■ **Extracted entries**:
--*--

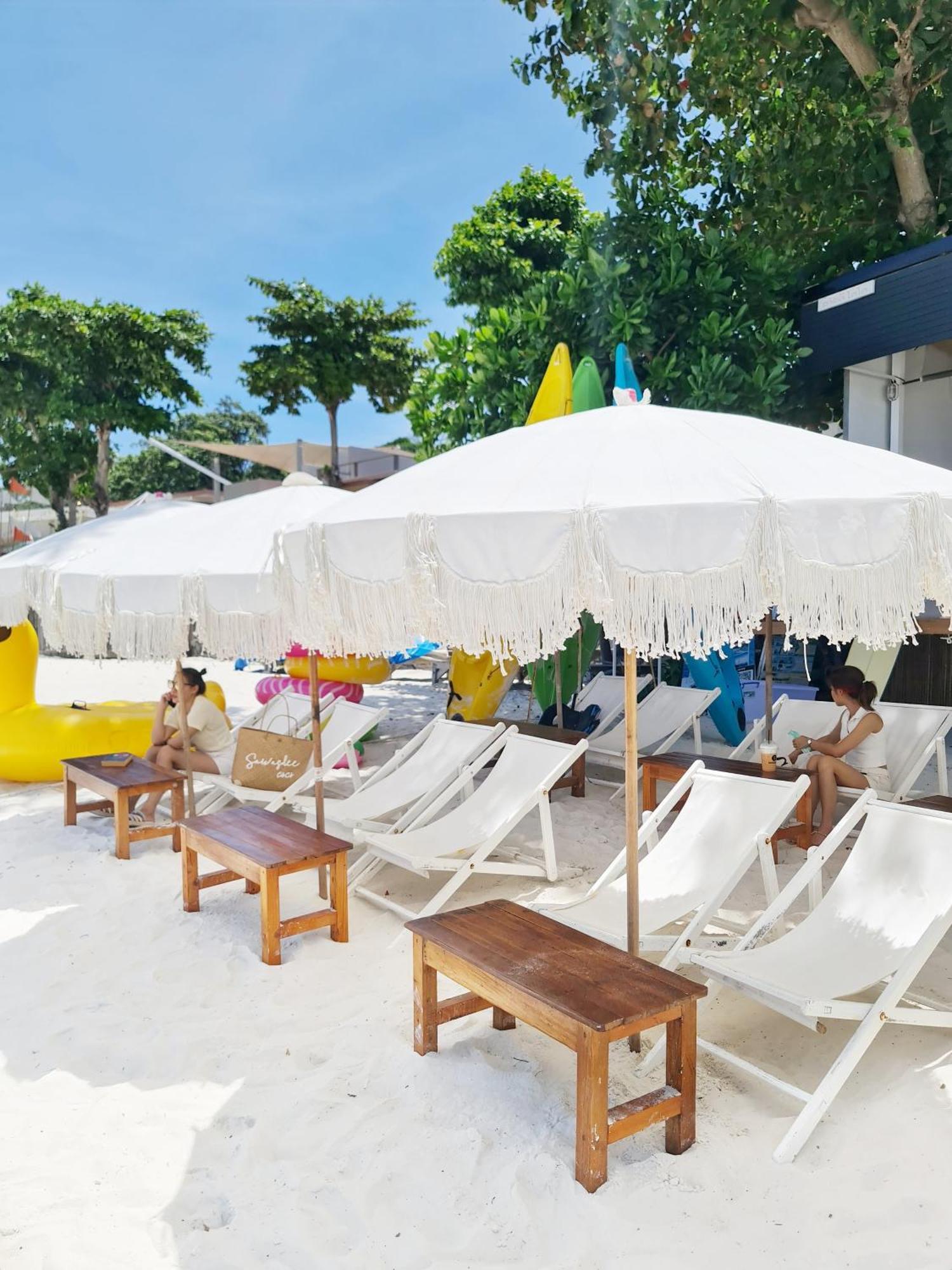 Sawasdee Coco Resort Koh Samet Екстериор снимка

--*--

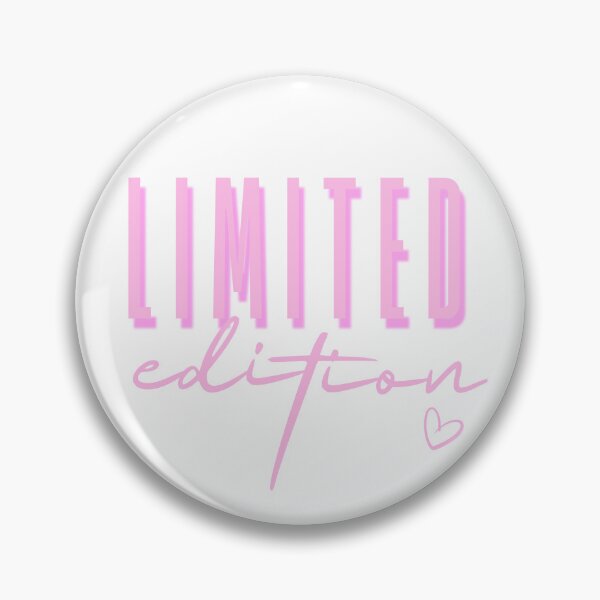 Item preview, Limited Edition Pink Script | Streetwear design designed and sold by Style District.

--*--

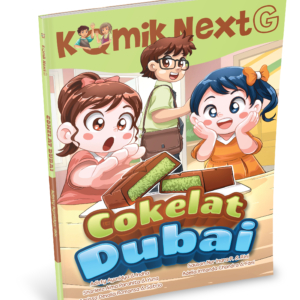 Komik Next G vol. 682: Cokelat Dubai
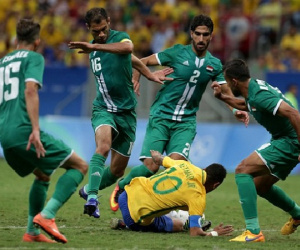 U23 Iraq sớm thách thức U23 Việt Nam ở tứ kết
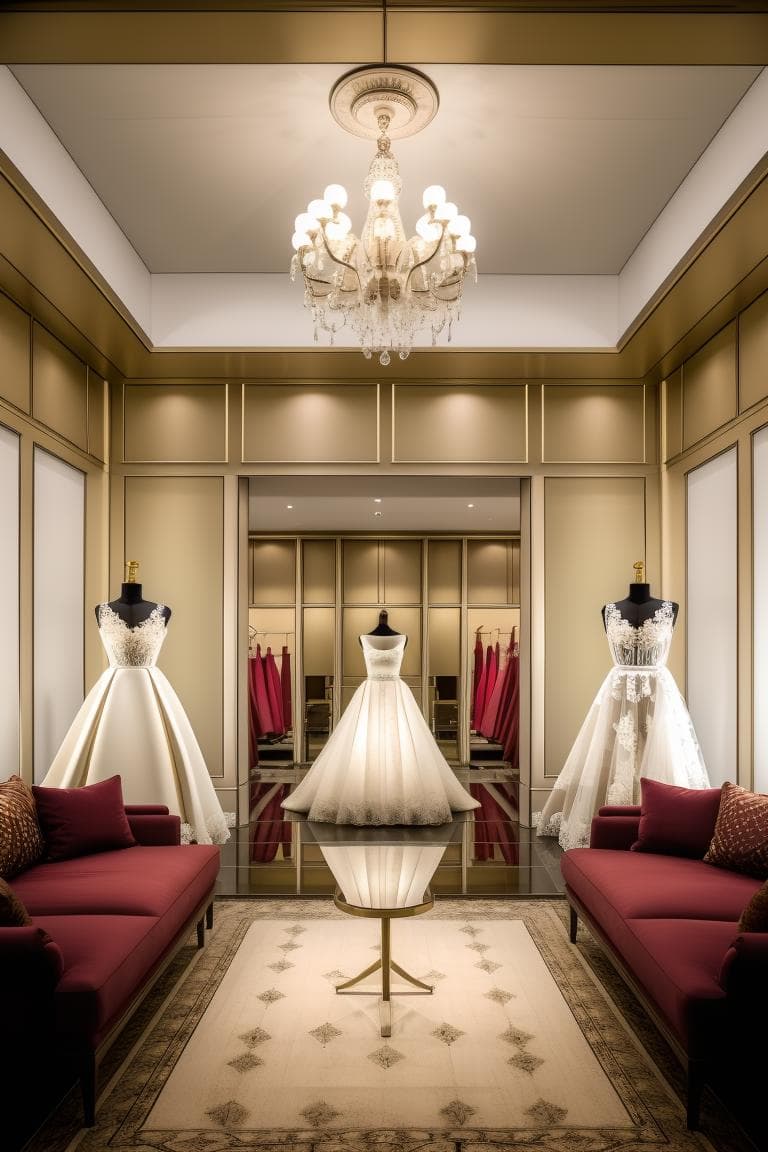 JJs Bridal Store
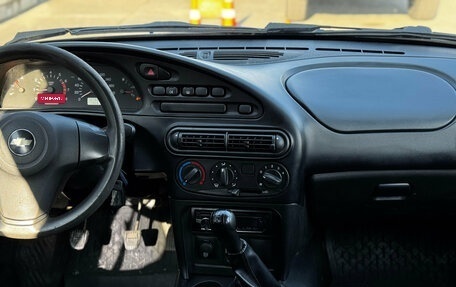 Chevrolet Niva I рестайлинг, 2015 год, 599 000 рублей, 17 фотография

--*--

Copy word for word the lines above, starting at the line containing "Komik Next G vol. 682: Cokelat Dubai" and ending at the line containing "Chevrolet Niva I", inclusive, with no pictures.

■ **Final answer**:
 Komik Next G vol. 682: Cokelat Dubai
 U23 Iraq sớm thách thức U23 Việt Nam ở tứ kết
 JJs Bridal Store
 Chevrolet Niva I рестайлинг, 2015 год, 599 000 рублей, 17 фотография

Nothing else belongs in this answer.